=== WHAT NEEDS TO BE DONE ===
Copy the records below exactly, starting at the line that contains "Beige raidallinen rusettikoristeinen" and ending at the line that contains "Petenis Indonesia Christopher"; leave out any pictures.

(Beginning of RECORDS SHOWN)

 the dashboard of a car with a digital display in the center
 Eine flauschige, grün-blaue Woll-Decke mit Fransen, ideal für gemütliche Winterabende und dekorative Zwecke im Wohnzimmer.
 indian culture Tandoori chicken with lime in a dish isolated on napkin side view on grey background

(End of RECORDS SHOWN)
(Beginning of RECORDS SHOWN)

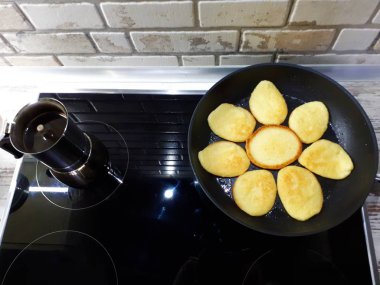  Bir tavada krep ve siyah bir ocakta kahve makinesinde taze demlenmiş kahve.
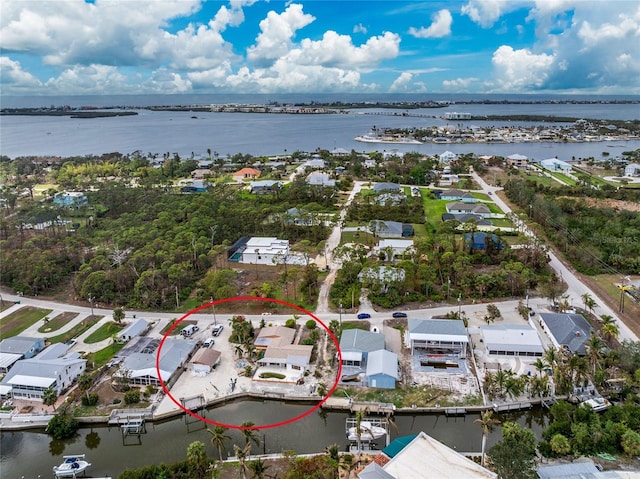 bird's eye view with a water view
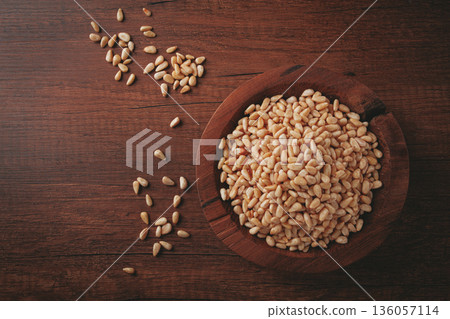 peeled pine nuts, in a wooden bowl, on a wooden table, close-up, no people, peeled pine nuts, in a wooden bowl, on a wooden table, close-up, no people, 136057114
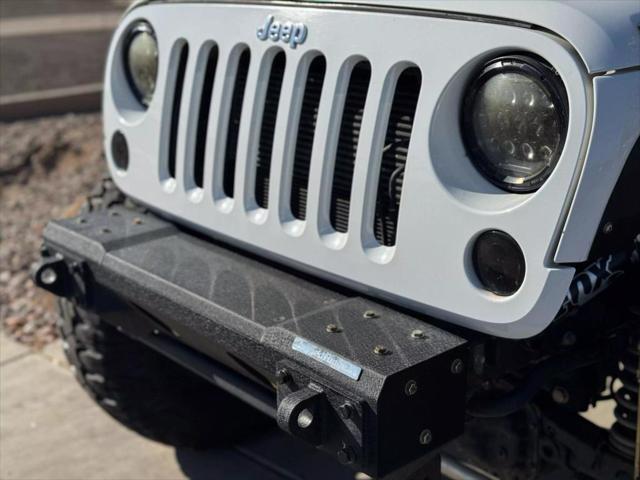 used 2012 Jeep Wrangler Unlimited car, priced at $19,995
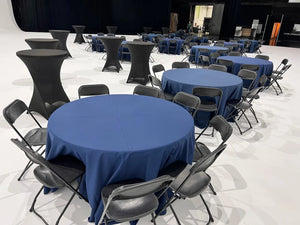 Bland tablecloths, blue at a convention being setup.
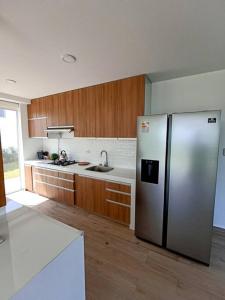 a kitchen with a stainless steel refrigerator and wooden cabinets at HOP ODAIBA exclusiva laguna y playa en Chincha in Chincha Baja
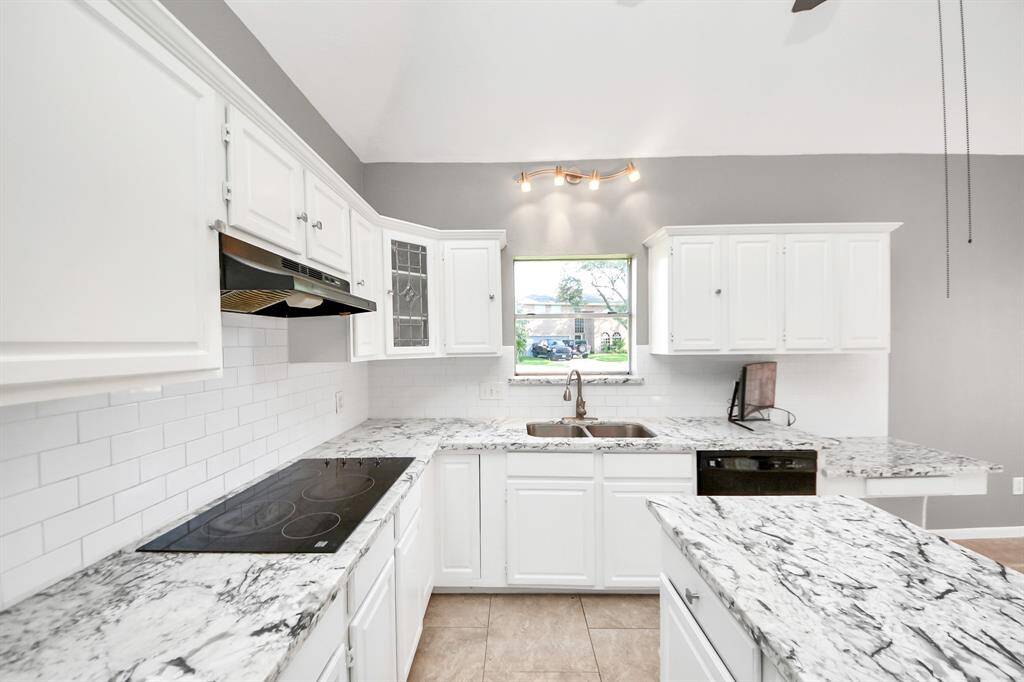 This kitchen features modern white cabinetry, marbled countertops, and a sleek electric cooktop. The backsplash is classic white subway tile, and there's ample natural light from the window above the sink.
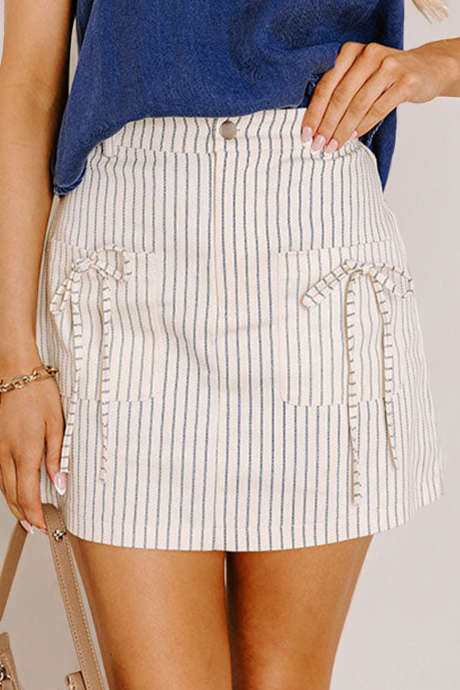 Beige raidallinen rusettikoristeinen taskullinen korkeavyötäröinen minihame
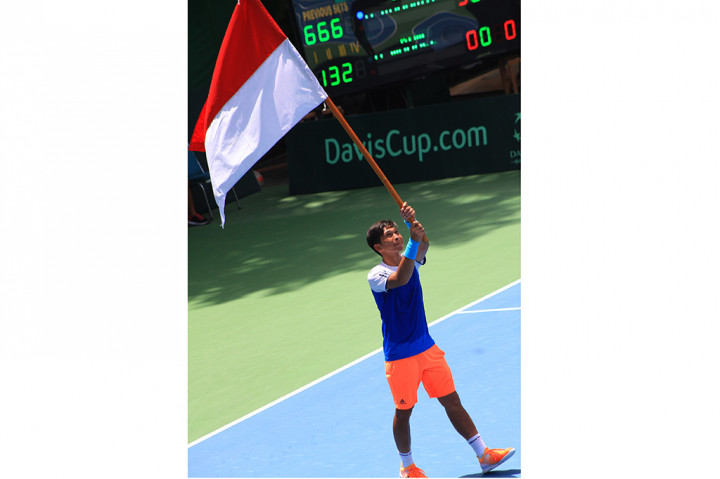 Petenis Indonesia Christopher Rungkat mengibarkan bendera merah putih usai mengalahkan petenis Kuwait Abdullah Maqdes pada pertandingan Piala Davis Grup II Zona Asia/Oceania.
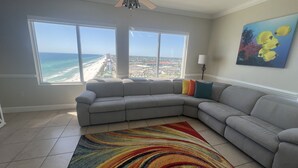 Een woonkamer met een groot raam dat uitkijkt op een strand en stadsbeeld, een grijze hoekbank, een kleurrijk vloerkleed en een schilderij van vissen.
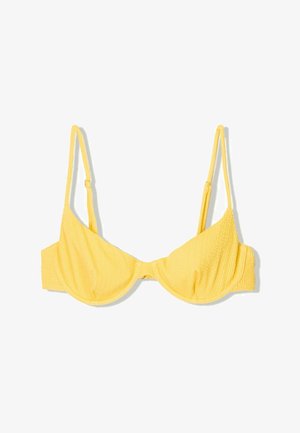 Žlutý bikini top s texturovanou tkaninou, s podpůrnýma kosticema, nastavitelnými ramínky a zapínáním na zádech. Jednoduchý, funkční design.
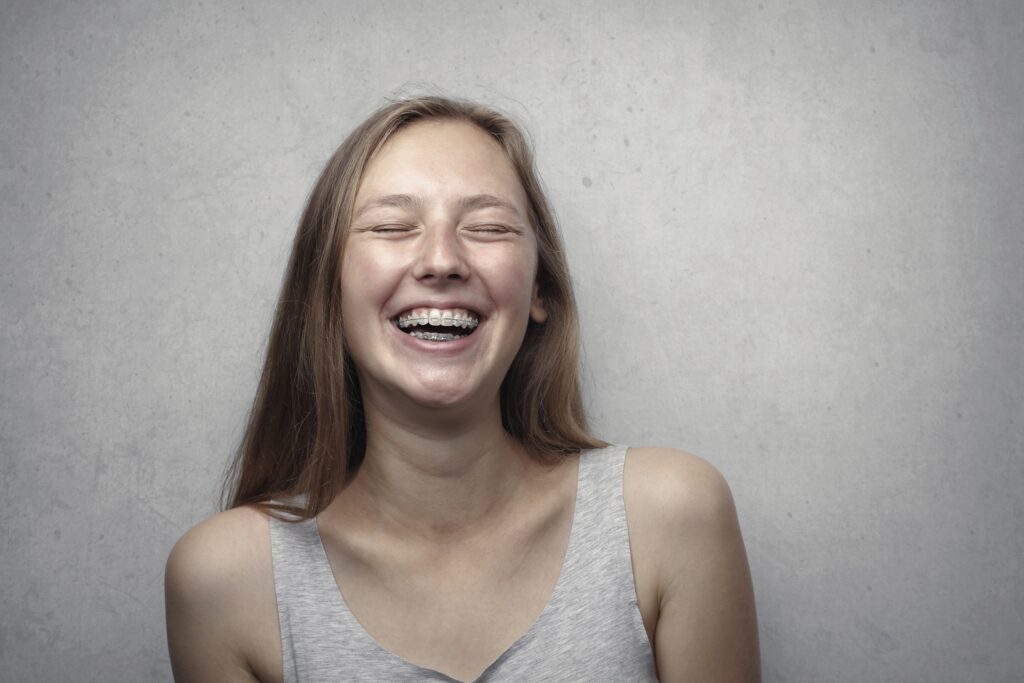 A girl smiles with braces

(End of RECORDS SHOWN)

=== TASK SOLUTION ===
 Beige raidallinen rusettikoristeinen taskullinen korkeavyötäröinen minihame
 Petenis Indonesia Christopher Rungkat mengibarkan bendera merah putih usai mengalahkan petenis Kuwait Abdullah Maqdes pada pertandingan Piala Davis Grup II Zona Asia/Oceania.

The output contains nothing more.